### PROBLEM DESCRIPTION
Repeat the listing exactly. Any picture in it should be left out of the copy.

### DATA
--
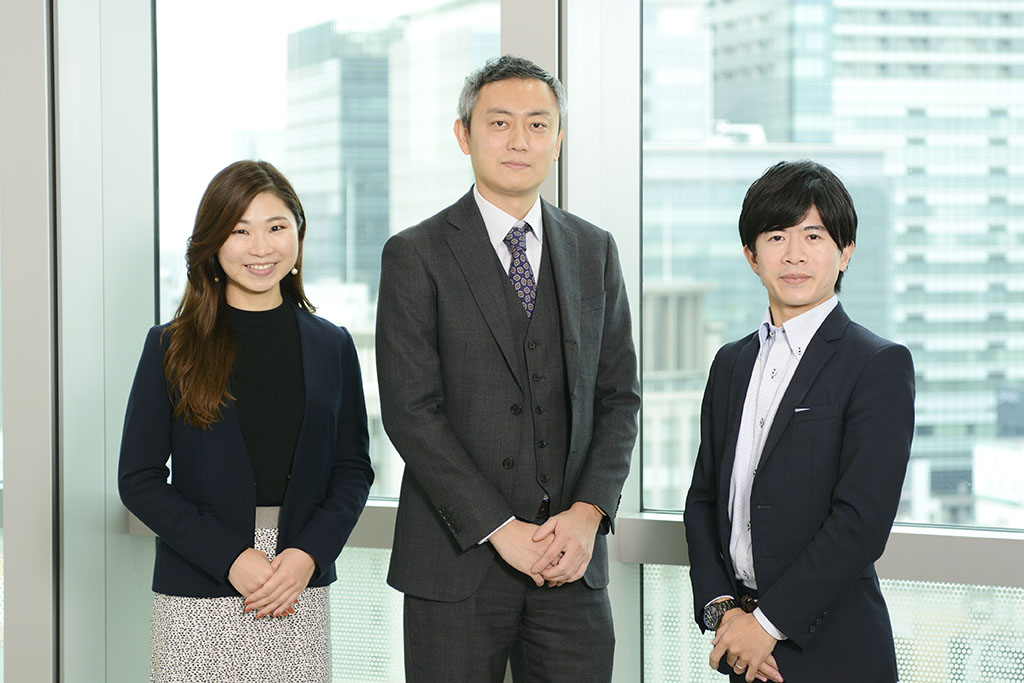 鈴木 勝也氏_令和アカウンティング・ホールディングス株式会社_グループ長／公認会計士_曽根 光世氏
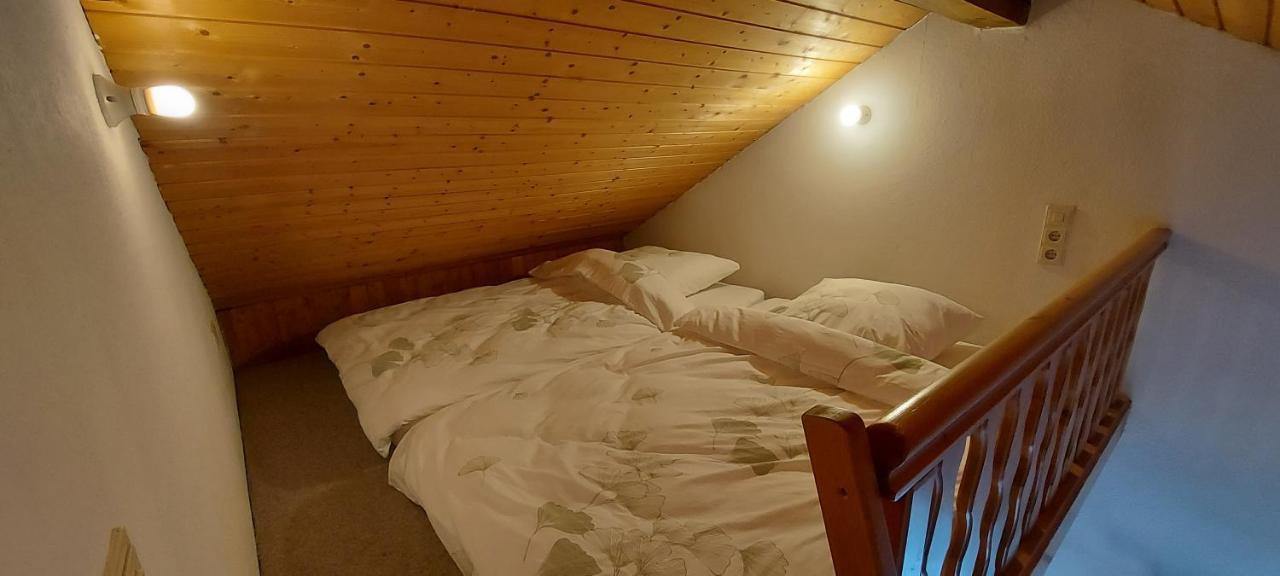 Ruhig gelegene Ferienwohnung mit gemütlichem Kamin Rotthalmuenster Exterior foto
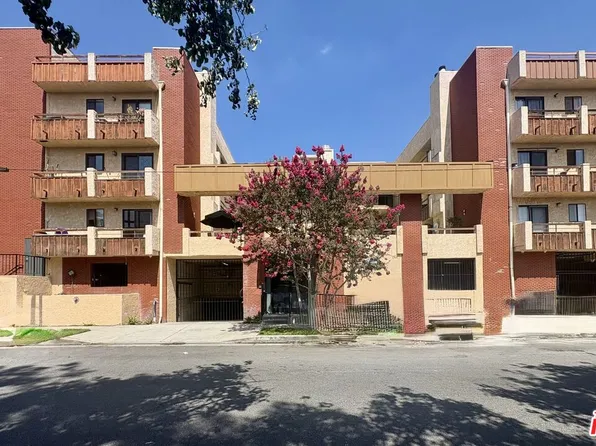 8710 Independence Ave APT 301, Canoga Park, CA 91304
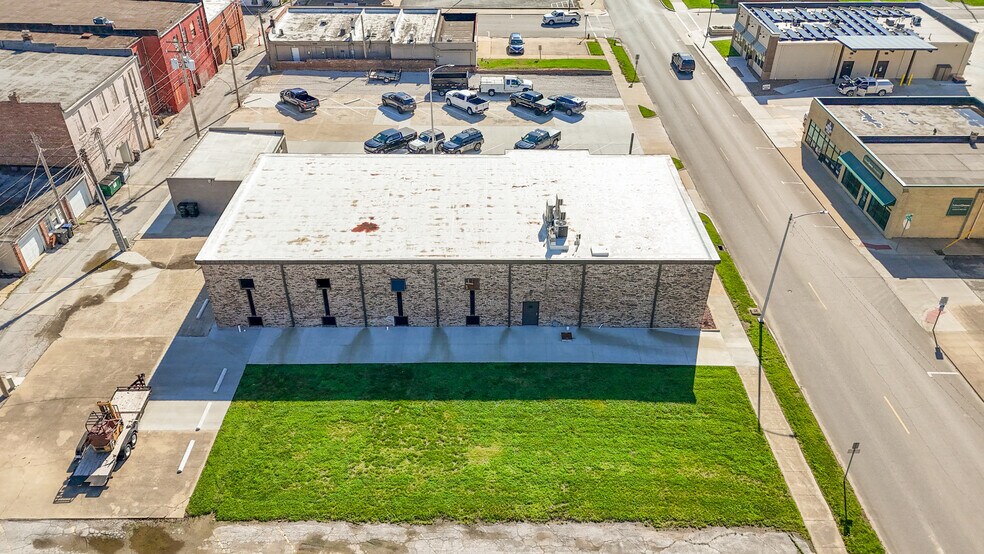 More Photos Of 509 - 511 W. Rollins, Moberly Office For Lease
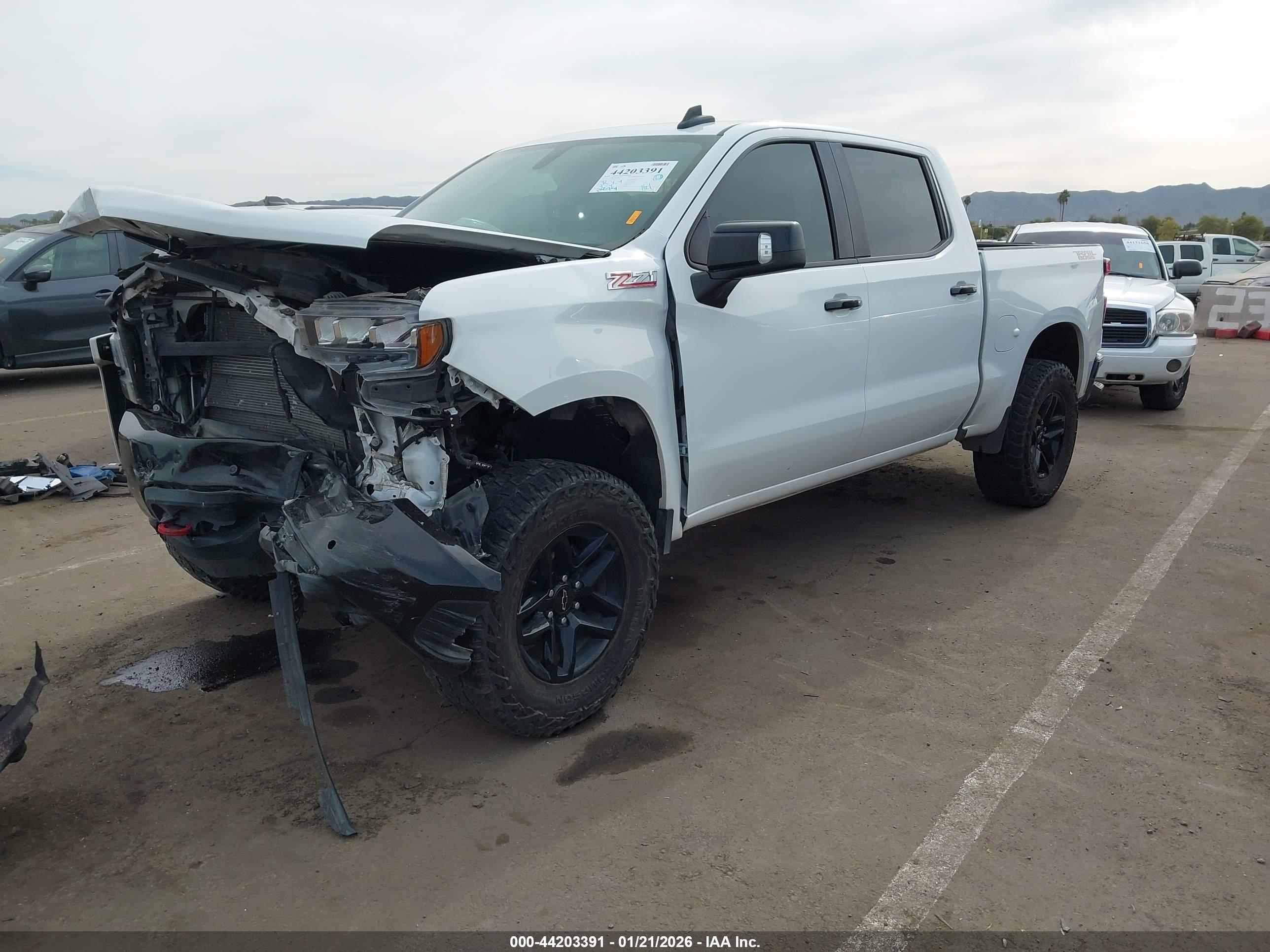 CHEVROLET SILVERADO image 2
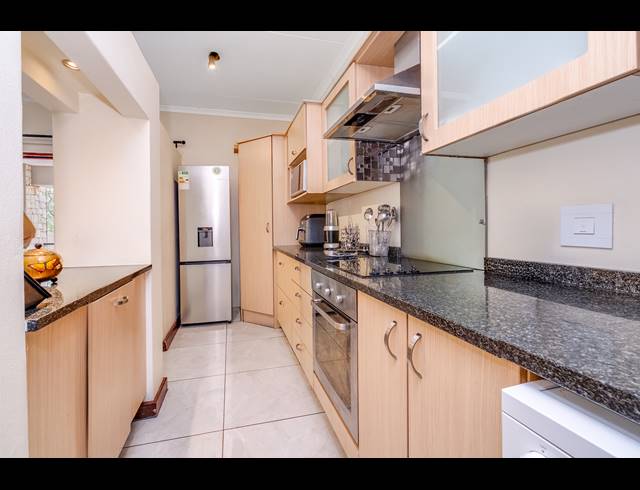 2 BEDROOM APARTMENT FOR SALE IN BEVERLEY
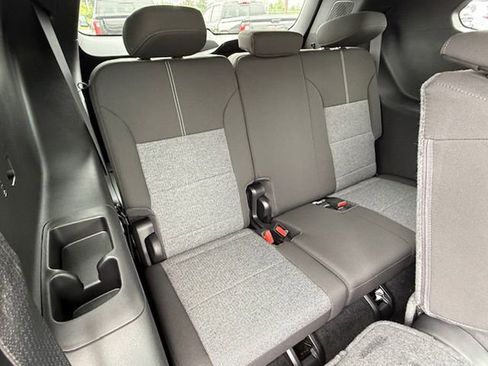 New 2025 GMC Acadia Elevation w/ LPO, Floor Liner Package image 16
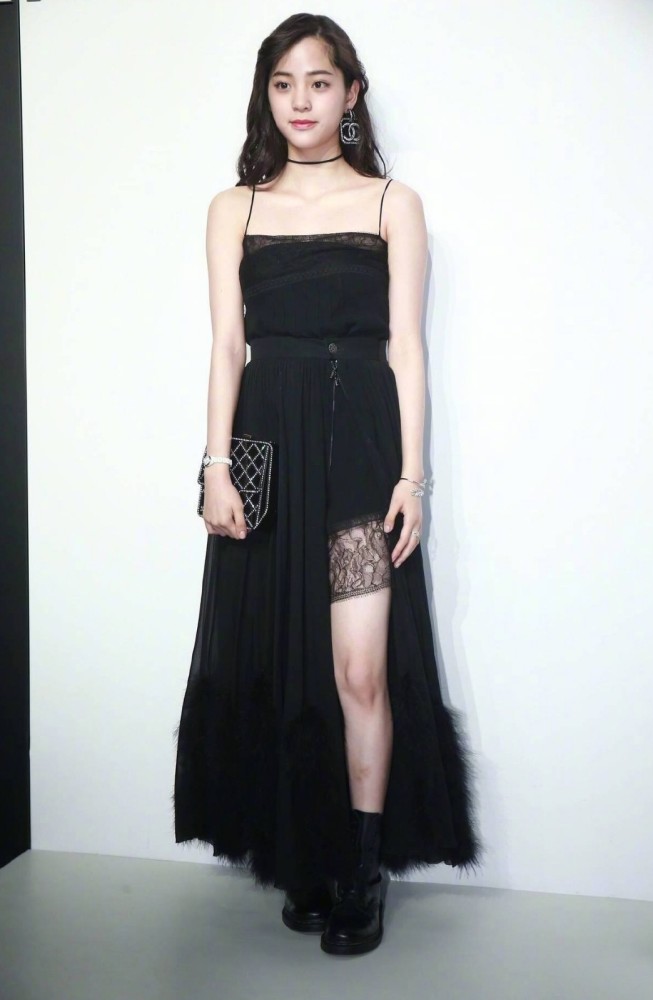 欧阳娜娜私服照穿黑白色格纹短外套配牛仔裤,双腿纤细笔直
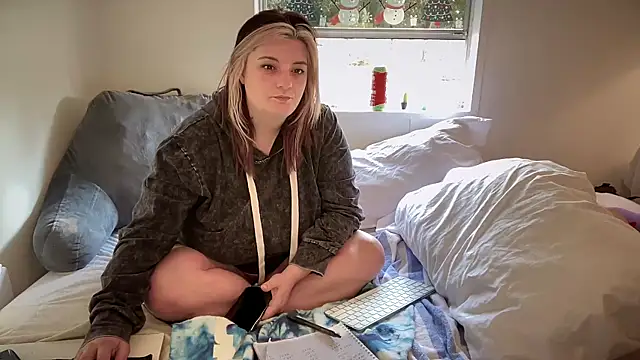 Snapshot of magicsparkles chatting on 01.14.25 magicsparkles online show from 01.14.25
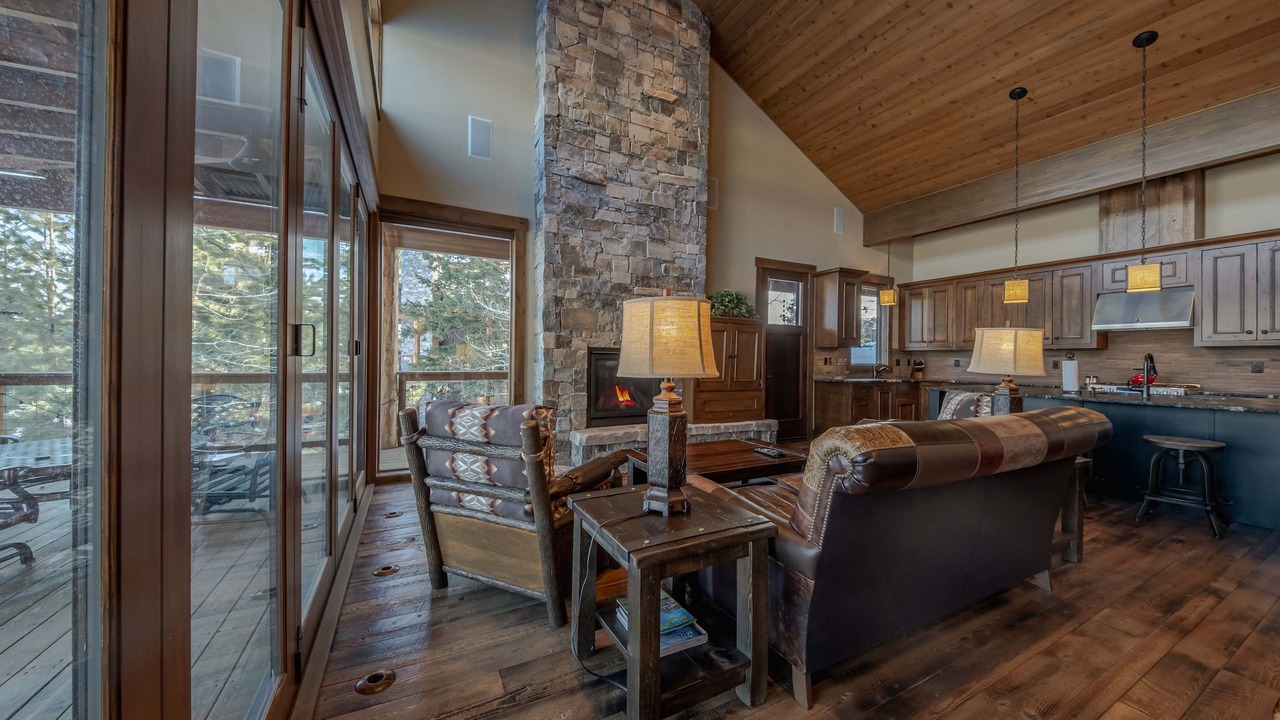 Photo of Livingroom in Eureka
--
### TASK RESULT
 鈴木 勝也氏_令和アカウンティング・ホールディングス株式会社_グループ長／公認会計士_曽根 光世氏
 Ruhig gelegene Ferienwohnung mit gemütlichem Kamin Rotthalmuenster Exterior foto
 8710 Independence Ave APT 301, Canoga Park, CA 91304
 More Photos Of 509 - 511 W. Rollins, Moberly Office For Lease
 CHEVROLET SILVERADO image 2
 2 BEDROOM APARTMENT FOR SALE IN BEVERLEY
 New 2025 GMC Acadia Elevation w/ LPO, Floor Liner Package image 16
 欧阳娜娜私服照穿黑白色格纹短外套配牛仔裤,双腿纤细笔直
 Snapshot of magicsparkles chatting on 01.14.25 magicsparkles online show from 01.14.25
 Photo of Livingroom in Eureka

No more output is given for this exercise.